Data shown »
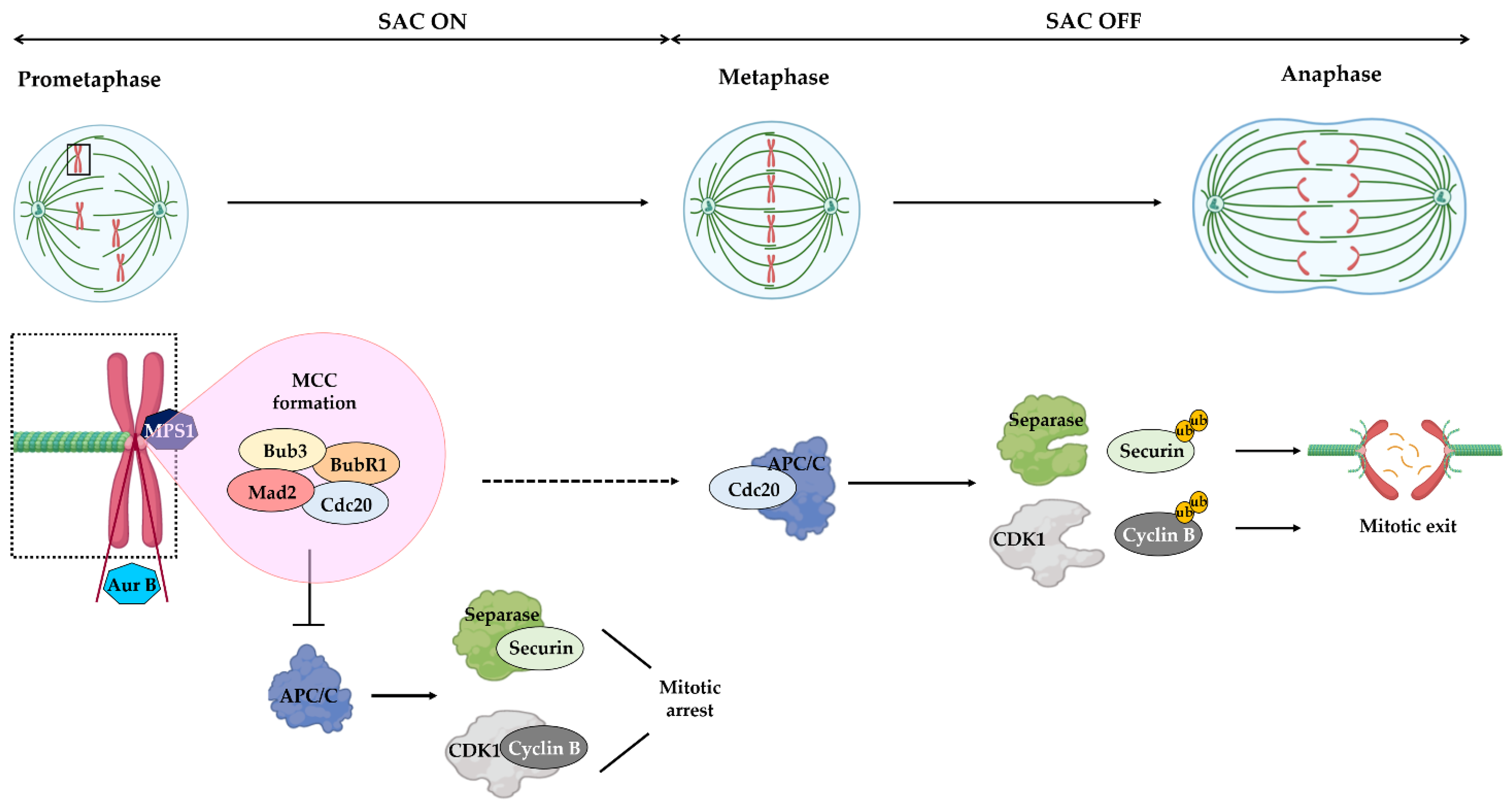 Pharmaceutics 14 01084 g001 Pharmaceutics 14 01084 g001
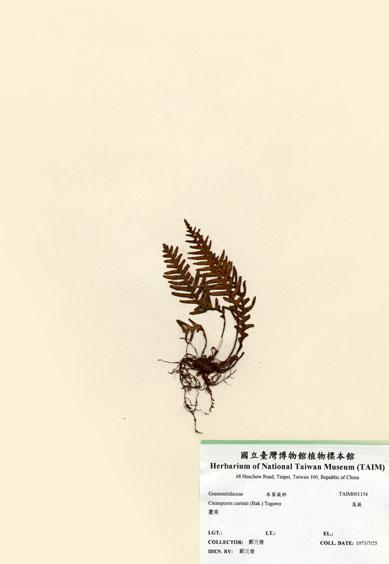 中文名：蒿蕨 (H001154)學名： em Ctenopteris curtisii (Bak.)  Copel. /em 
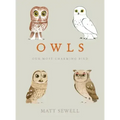 Owls: Our Most Charming Bird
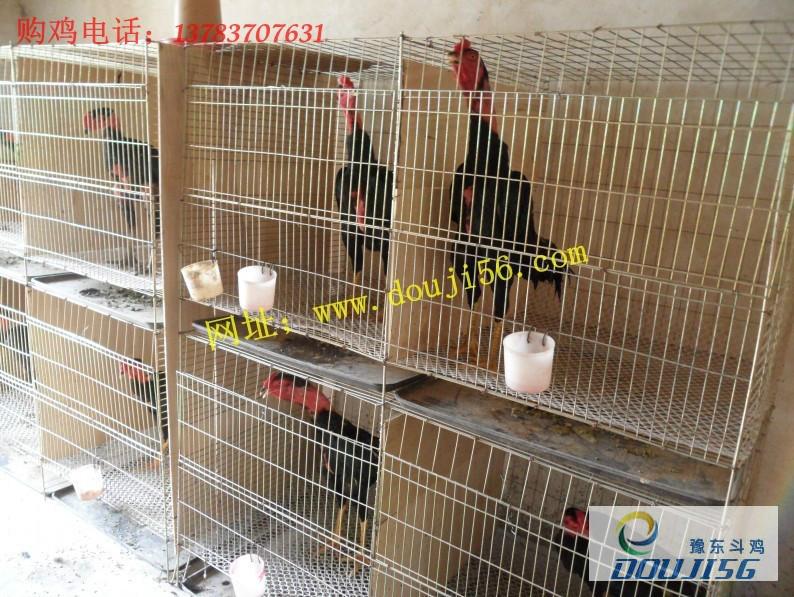 斗雞養(yǎng)殖網(wǎng)圖片
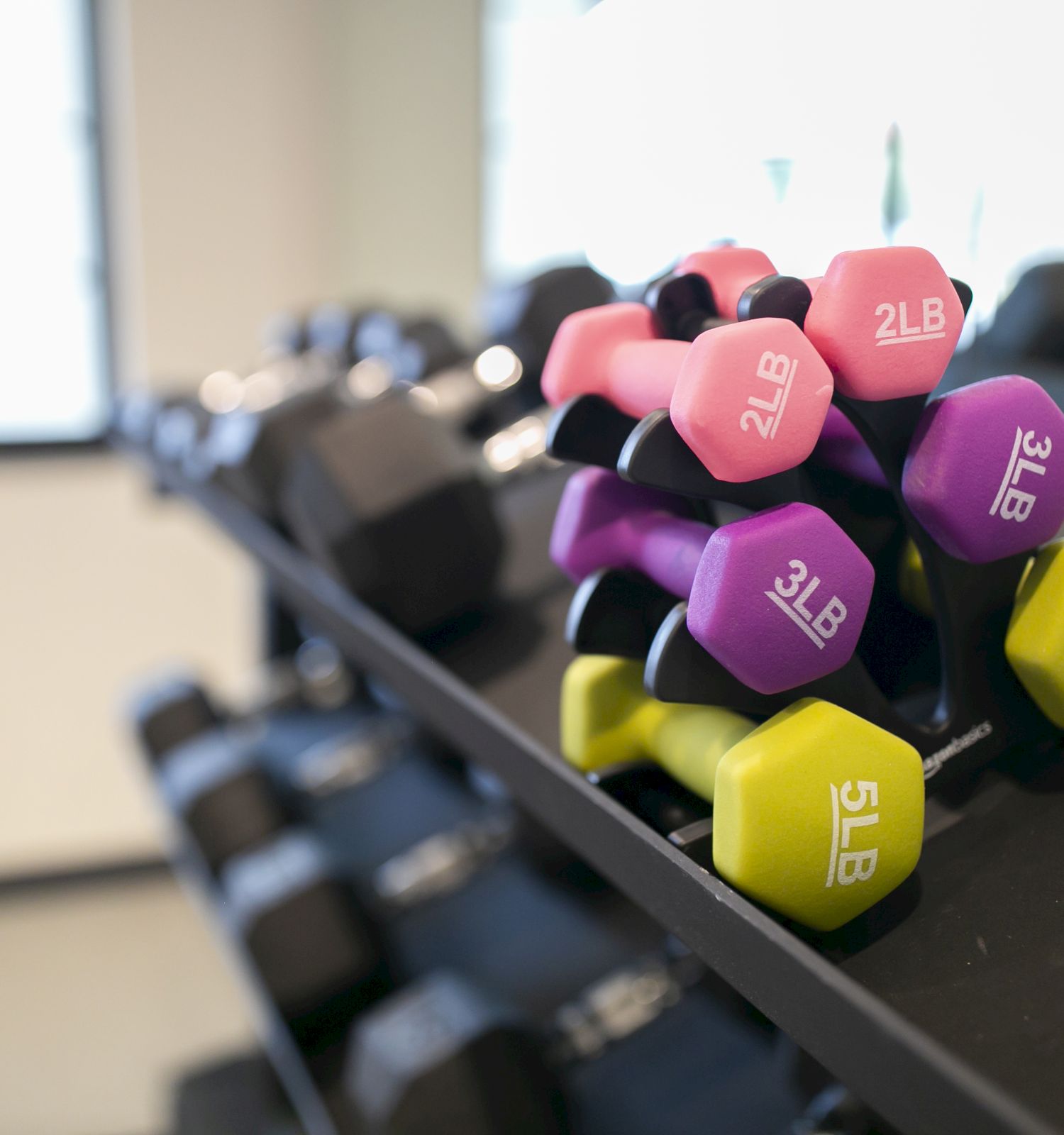 The image shows a rack in a gym holding various colored dumbbells, ranging from 2-pound to 5-pound weights, placed on a black shelf near windows.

What is required »
Would you transcribe the listing above line by line, exactly, leaving every picture out?

Solution »
 Pharmaceutics 14 01084 g001 Pharmaceutics 14 01084 g001
 中文名：蒿蕨 (H001154)學名： em Ctenopteris curtisii (Bak.)  Copel. /em 
 Owls: Our Most Charming Bird
 斗雞養(yǎng)殖網(wǎng)圖片
 The image shows a rack in a gym holding various colored dumbbells, ranging from 2-pound to 5-pound weights, placed on a black shelf near windows.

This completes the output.